You don’t always need the table layer. A bare lake is fine when you’re landing raw data that will be processed downstream anyway, doing exploratory data science where occasional inconsistency is acceptable, or archiving large volumes cheaply. In fact, most lakehouses keep a raw, untabled landing zone — the immutable bottom of the medallion architecture — and promote data into managed tables only as it’s cleaned and trusted.

What you should not do is run reliable, concurrent BI and analytics directly on a bare lake and expect warehouse-grade trust. That’s precisely the workload the table format was invented for, and skipping it is how teams end up debugging numbers that quietly changed mid-query.

The bottom line

A data lake gives you cheap, flexible storage and no guarantees. A lakehouse keeps the cheap, flexible storage and adds the guarantees, through an open table format layered over the same files. For most teams doing serious analytics on large data, the lakehouse is now the default, because it removes the lake’s biggest liability — trust — at almost no extra storage cost. Keep a raw zone for landing and exploration; put a table format over anything you actually want to depend on. And remember that, like every storage choice, it decides where your data lives and how reliable it is — not what it means, which is still a semantic-layer problem sitting one level up.

Common questions

What is the difference between a data lake and a lakehouse?

A data lake is raw files in cheap object storage with no transactions, no enforced schema, and no guarantees. A lakehouse keeps those same files but adds an open table format on top — Iceberg, Delta Lake, or Hudi — that provides ACID transactions, schema enforcement, and time travel. The lakehouse is a data lake plus a table layer.

Is a lakehouse just a data lake with extra features?

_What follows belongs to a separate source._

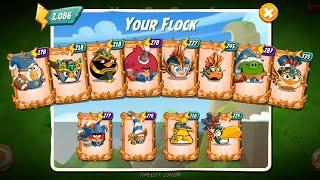 Angry Birds 2 AB2 King Pig Panic Superbird for extra Stella - 2024/12/26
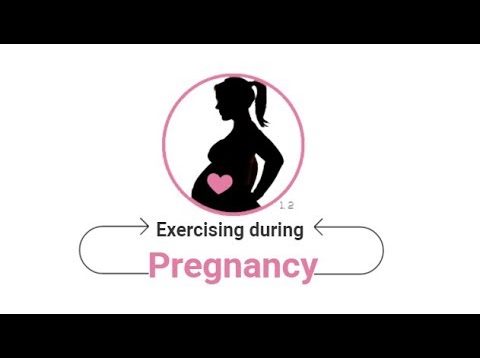 Exercise during Pregnancy: How safe is it?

Essentially, yes — and that's the point. The lakehouse doesn't replace the lake's cheap file storage; it layers metadata over it so the same data gains the reliability and structure that analytics needs, without copying everything into a separate warehouse.

What is a data swamp?

A data lake that has degraded into an unusable pile of files — no consistent schema, no quality, no clear ownership, so nobody trusts what's in it. The lack of structure and governance that makes a lake cheap and flexible is also what lets it rot.

Do I still need a data lake if I have a lakehouse?

No — the lakehouse is built on lake storage, so it is your lake, with a table layer added. You don't run both. You may still keep a raw, untabled zone for landing data before it's promoted into managed tables.